AI Explainability: A Primer

Anastasia Siapka
Jan 11, 2024
5 min read

Updated: Dec 9, 2024

Is AI Really Facilitating Understanding?

Graphic entitled "Explainability" with the "ai" emphasized — Graphic from Canva, altered by Todd Mei

2023 was the year of Artificial Intelligence (AI): from generative AI to the EU’s AI Act, you would have been hard-pressed to miss the avalanche of AI-related news over the past months. Apart from its beneficial applications, AI has dominated media and academic and policy discussions because of the challenges that its development and deployment pose. Key among these is the challenge of ‘explainability’, implying that, although AI increasingly supports or replaces human decision-making, its outputs are hard to explain.

Introduction to AI

Albeit frequently discussed, the concept of ‘AI’ remains elusive, necessitating an overview of its main features.

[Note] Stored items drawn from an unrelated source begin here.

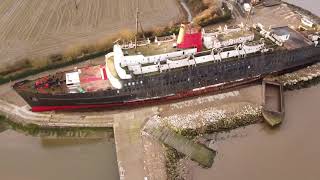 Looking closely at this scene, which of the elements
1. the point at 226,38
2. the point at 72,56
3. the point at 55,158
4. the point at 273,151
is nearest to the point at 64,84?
the point at 72,56

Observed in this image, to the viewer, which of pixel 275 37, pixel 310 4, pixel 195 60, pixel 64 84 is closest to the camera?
pixel 64 84

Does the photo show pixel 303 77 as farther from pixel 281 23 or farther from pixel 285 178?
pixel 285 178

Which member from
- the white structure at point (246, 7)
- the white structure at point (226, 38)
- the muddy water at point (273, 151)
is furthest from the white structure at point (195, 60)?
the white structure at point (246, 7)

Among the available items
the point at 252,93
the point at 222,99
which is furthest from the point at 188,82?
the point at 252,93

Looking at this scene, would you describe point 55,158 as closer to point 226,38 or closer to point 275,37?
point 226,38

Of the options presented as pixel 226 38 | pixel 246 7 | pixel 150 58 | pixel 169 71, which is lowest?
pixel 169 71

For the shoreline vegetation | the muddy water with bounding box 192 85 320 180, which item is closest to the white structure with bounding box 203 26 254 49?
the shoreline vegetation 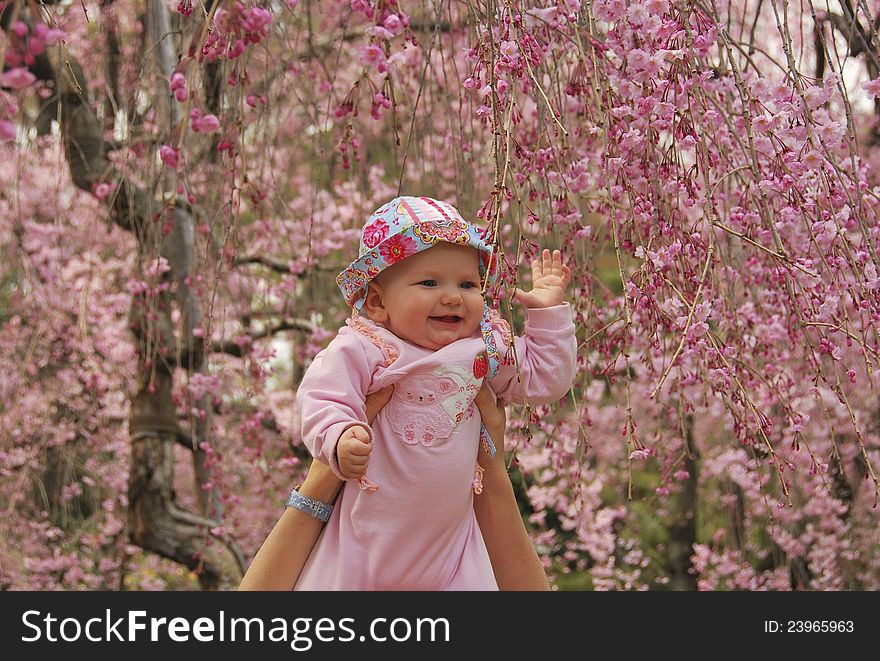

First, AI systems consist of algorithms (meaning a series of defined steps to produce a particular output) commonly implemented in computer programs or information systems to analyse data and statistical relations.
Second, AI systems undertake goal-oriented tasks, which are associated with human intelligence, including ‘reasoning, the gathering of information, planning, learning, communicating, manipulating, detecting’.

AI systems could thus be defined as sets of algorithms performing goal-oriented tasks that would otherwise require human intelligence.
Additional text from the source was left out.